My Most Unusual Halloween Treat

I have gotten some weird candy in my days and a lot of homemade treats, but the most unusual treat I received was given to me on a cool dry Halloween Night in the early 1980s. I remember the house and everything surrounding the moment very vividly. It was nearing the hour of no return, when it was too dark and would be considered rude to knock on people’s doors for treats, because of this we were hurrying to get as many houses in as possible.
Most of the time we were moving between houses as a full run. We called that time, cleanups, because people were either out of candy and didn’t answer or if they had candy they were willing to dump fistfuls of it into your bag to get rid of it. You could really “clean up” at that time of day.
I loved clean up time!
If was a few minutes before 9 pm, right at the cusp of rudeness, when we hit this brown ranch-style house that was around the corner and down the block from where I lived. I think we had gone there at the start of the day, but during these daring last-minute Halloween moments, all decorum is thrown out the window and all houses are open for double or even triple dipping.
As usual, the person answering the door didn’t recognize us from earlier. She commented about how great our costumes were (she was a kind lady, because I know my costume was pretty horrible — its the worst kind of pity) and she even made her husband pull himself off the couch to come over and look at us. I often wonder how many times he had to get up that day to look at goofy looking kids in vinyl store-bought costumes.

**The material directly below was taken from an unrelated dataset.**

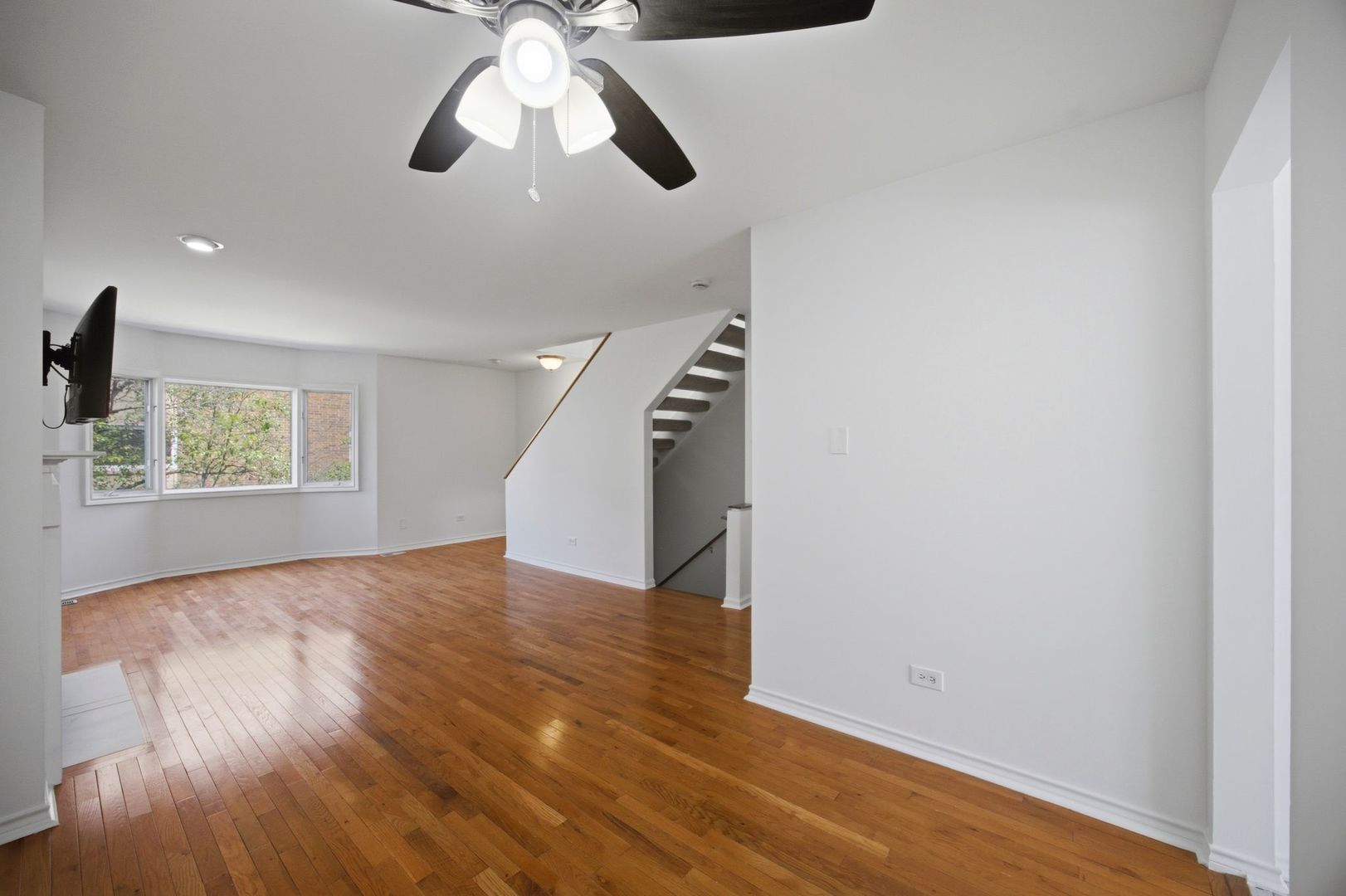 7226 Washington Street Unit: A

He nodded and said “ooh scary” or something like that and then disappeared from the doorway.
We got our bags open as she cracked her screen door, but something was wrong. The lady paused for a minute and then she said, “I am all out of candy, but I had these old comics laying around.”
She reaches over to the table near the door and lifted a hefty stack of what I can only assume were her son’s comic book collection.

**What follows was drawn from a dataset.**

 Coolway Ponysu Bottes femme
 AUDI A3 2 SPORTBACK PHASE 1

She paused a moment. Was she contemplating how many more kids would be at the house tonight or was she feeling some strange pang of guilt for giving away her son’s stuff?
I have no idea, but what I do know is that she took half the stack and stuck it into each of our bags. We were both big comic readers and were both nearly speechless.

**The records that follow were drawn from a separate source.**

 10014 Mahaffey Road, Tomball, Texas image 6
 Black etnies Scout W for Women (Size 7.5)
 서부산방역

So we said a quick thank-you and with our bags straining with sugar, chocolate and now comic books we decided to call it a night and both ran home. When I get in, I ducked passed my sisters who liked to exact a candy toll from my bag and ran to my room where my other two bags of treats were stowed.
Dumping the sack out on my bed to take an inventory, I was very happy to find that I had received almost 20 comic books from the early 1970s. Almost all were Marvel and all of them were “Avengers” titles.
I felt bad that I was getting these comic books from another kid’s forgotten collection, but that quickly faded under the weight of candy bloat and sugar nightmares.
That Halloween I fell asleep reading the early adventures of Iron Man and Captain America while eating Bit of Honey and Peanut Chews. It was a memorable end to what had become a routine Halloween and it was probably the most unusual Halloween treat I would ever receive.